2003-12-26, 17:16   #7
ewmayer
2ω=0

Sep 2002
República de California

1173910 Posts

Quote:
 Originally posted by lunna I have found a double-double and quad-double library for the CPU. Basically it treats 2 or 4 doubles as a single unit thereby increasing the precision. http://www.cs.berkeley.edu/~yozo/ When looking at the code and paper it looks like the same could be done with single-precision float values. I will probably check if a float-float version is doable unless someone has any objections or sees any flaws. It won't happen until next year, but that's soon enough Would a quad-float version be of any value? For example by allowing a decreased FFT input vector size?
The problem with this kind of extended-precision math is that the overhead needed to emulate the higher-precision ops more than wipes out any gains that come from a reduced input vector length. When I first started coding LL tests about 7 years ago I played with an FFT based on the quad-precision math library available for the (then) DEC Alpha.

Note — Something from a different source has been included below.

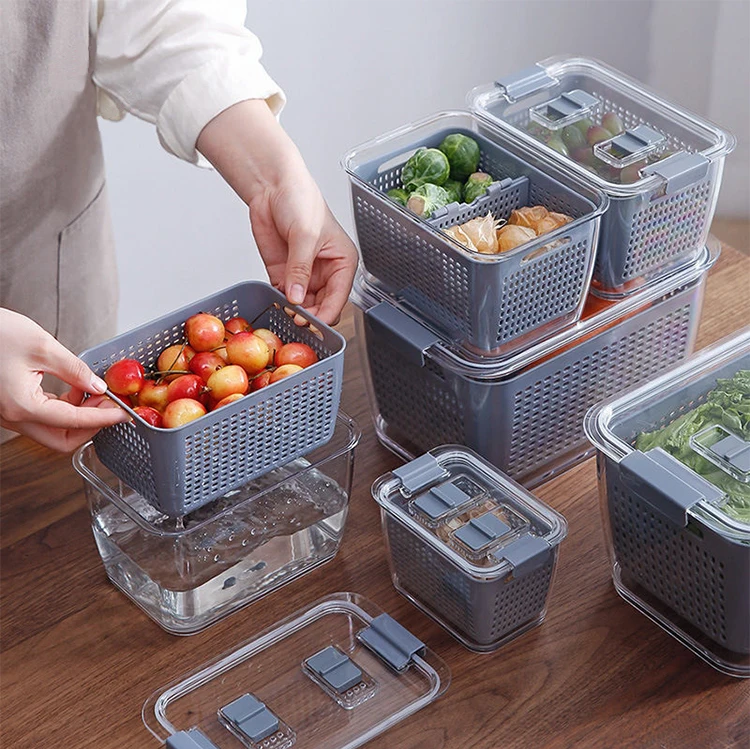 Multifunction Plastic Transparent Refrigerator Drawer Removable  Fresh-keeping container drain basket organizer storage box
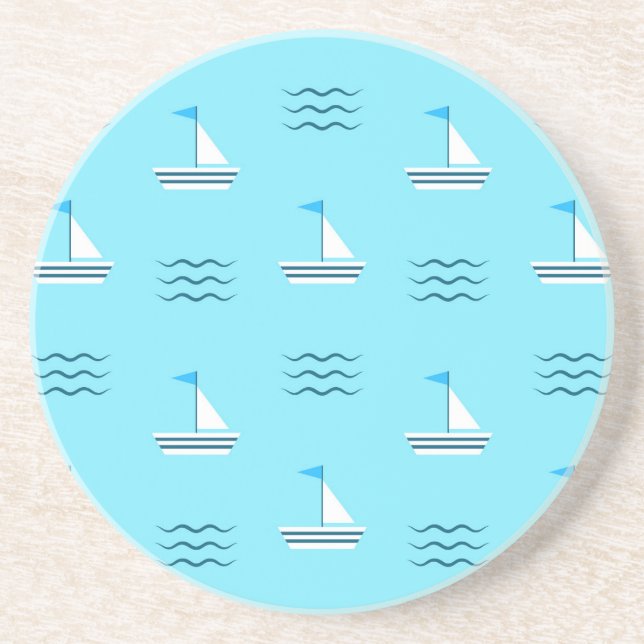 Sailboats On The Blue Sea Pattern Coaster (Front)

That allowed inputs up to nearly 50 bits per word, but absolutely crawled relative to the code that used strictly doubles, because doubles are fully supported in hardware, whereas quads are emulated.

The best part of the mixed float-int transform is that it avoids precisely this emulation problem, i.e. gives the same kind of precision boost as quad floats do, but without the expense of emulating non-hardware-supported operations. The major potential bottleneck (at least as far as video-style SIMD processors are concerned) is that it needs good hardware support for integer multiply. For instance, we could contemplate doing a single-precision floating FFT in parallel with a pure-integer transform modulo a 32-bit prime, say p = M31 = 2^31 - 1, which allows an efficient modulo. The parallel integer transform would allow us to use roughly log2(p)/2 ~= 31/2 = 15.5 more bits per input than if we were doing a strictly floating-point transform. As we've already seen, single-precision math would allow only roughly 4 bits per input word at a vector length of 2^20. Adding a parallel transform mod M31 would boost this to ~19.5 bits per input, which is about as good (in fact a tad better) than we could get by doing a double-precision floating-point FFT. A 4-way SIMD unit like the AltiVec or MMX would allow most 32-bit floating and integer operations to be done very quickly, but the sticking point is that we'll need to calculate lots of full-length products of 31-bit ints, which AFAIK neither AltiVec nor MMX can do efficiently. If we could do at least one such product per cycle in the core CPU we might still be OK, but only if we can do continue to do 32-bit SIMD arithmetic in the graphics coprocessor at the same time. I'm no hardware expert, but I seem to recall that neither the PPC nor the x86 allow the core CPUs and the AltiVec/MMX coprocessors to blast away simultaneously. There is also the problem of how efficiently data can be shuffled between the two functional units - a fast 64-bit integer multiply in the core CPU is useless to us if the result (after modding) can't quickly be transferred back to the 32-bit SIMD unit, where it is needed.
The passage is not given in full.